All of the data should be output character for character, except the pictures.

# Supplied information
------------
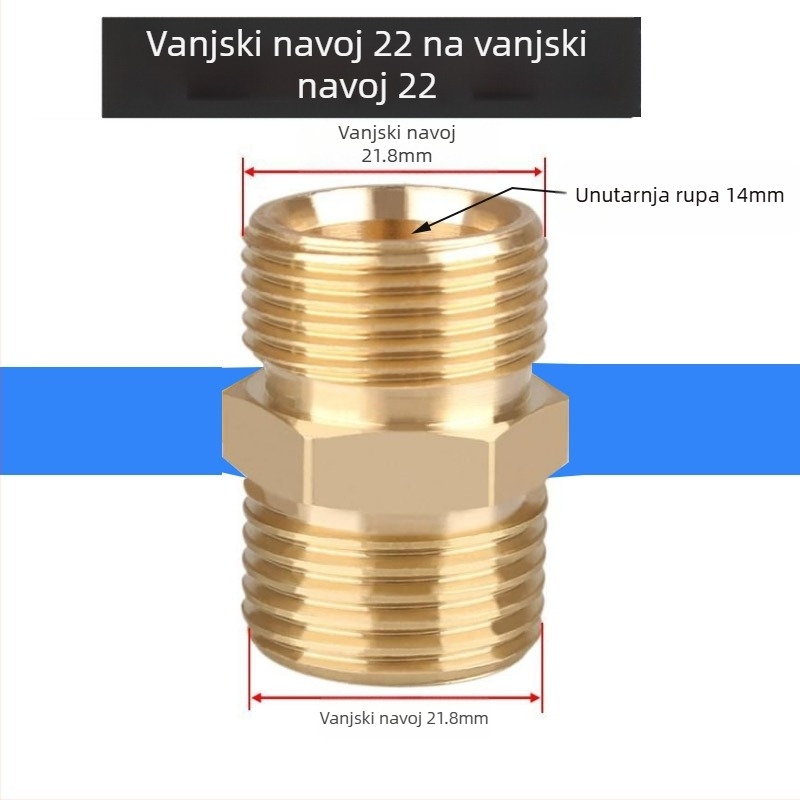 Visokotlačna pistolja za pranje automobila s mesingim adapterom-spojem M22x1.5 i produženjem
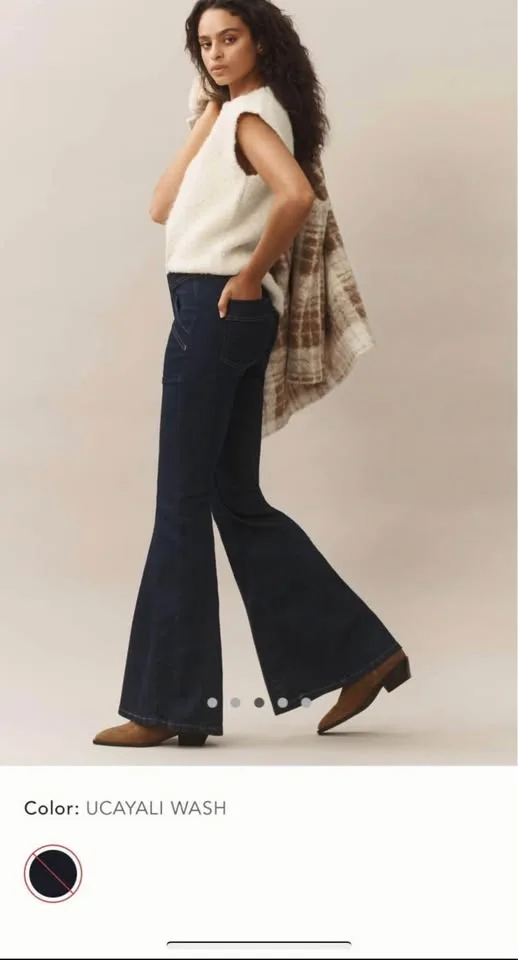 Anthologies Pilcro Puddle Mid-Rise Flare Jeans size 26 image indicator(4)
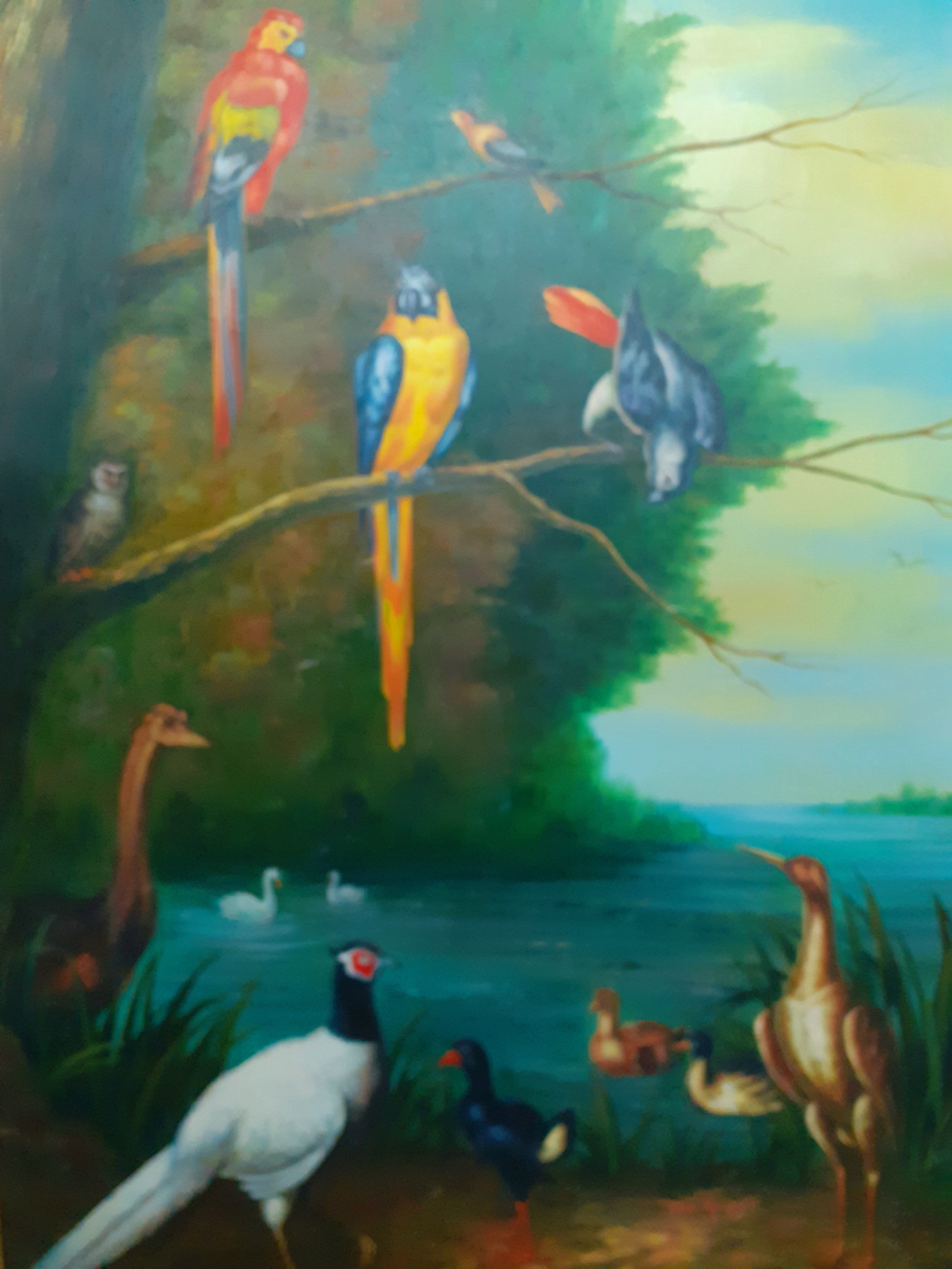 Van Reuron - An oil on canvas 59x89cm, exotic birds on pond and tree to include parrots and ducks, - Image 2 of 3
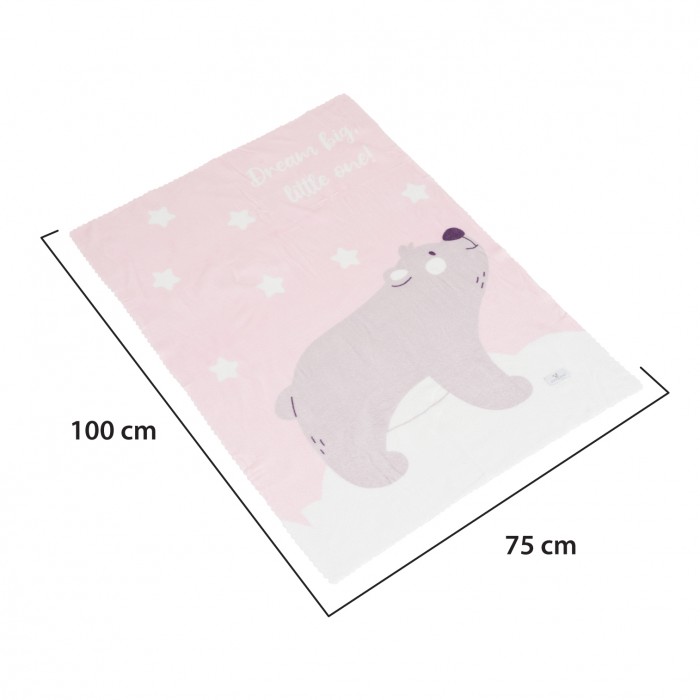 Baby Blanket 75x100cm Dreamy Bear Pink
------------
# Task output
 Visokotlačna pistolja za pranje automobila s mesingim adapterom-spojem M22x1.5 i produženjem
 Anthologies Pilcro Puddle Mid-Rise Flare Jeans size 26 image indicator(4)
 Van Reuron - An oil on canvas 59x89cm, exotic birds on pond and tree to include parrots and ducks, - Image 2 of 3
 Baby Blanket 75x100cm Dreamy Bear Pink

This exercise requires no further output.